### Problem description
Every record must be retyped as it stands.

### Study material
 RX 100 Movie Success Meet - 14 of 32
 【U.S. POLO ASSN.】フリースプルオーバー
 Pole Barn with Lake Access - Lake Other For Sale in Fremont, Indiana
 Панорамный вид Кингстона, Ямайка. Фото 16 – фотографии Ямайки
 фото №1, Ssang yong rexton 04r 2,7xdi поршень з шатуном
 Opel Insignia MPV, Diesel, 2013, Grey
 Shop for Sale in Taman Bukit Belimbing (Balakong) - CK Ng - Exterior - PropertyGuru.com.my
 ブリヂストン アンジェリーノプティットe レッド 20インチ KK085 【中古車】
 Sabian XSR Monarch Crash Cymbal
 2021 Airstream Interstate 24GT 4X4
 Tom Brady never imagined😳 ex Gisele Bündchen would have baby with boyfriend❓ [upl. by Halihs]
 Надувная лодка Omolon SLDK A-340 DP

### Completed task
 RX 100 Movie Success Meet - 14 of 32
 【U.S. POLO ASSN.】フリースプルオーバー
 Pole Barn with Lake Access - Lake Other For Sale in Fremont, Indiana
 Панорамный вид Кингстона, Ямайка. Фото 16 – фотографии Ямайки
 фото №1, Ssang yong rexton 04r 2,7xdi поршень з шатуном
 Opel Insignia MPV, Diesel, 2013, Grey
 Shop for Sale in Taman Bukit Belimbing (Balakong) - CK Ng - Exterior - PropertyGuru.com.my
 ブリヂストン アンジェリーノプティットe レッド 20インチ KK085 【中古車】
 Sabian XSR Monarch Crash Cymbal
 2021 Airstream Interstate 24GT 4X4
 Tom Brady never imagined😳 ex Gisele Bündchen would have baby with boyfriend❓ [upl. by Halihs]
 Надувная лодка Omolon SLDK A-340 DP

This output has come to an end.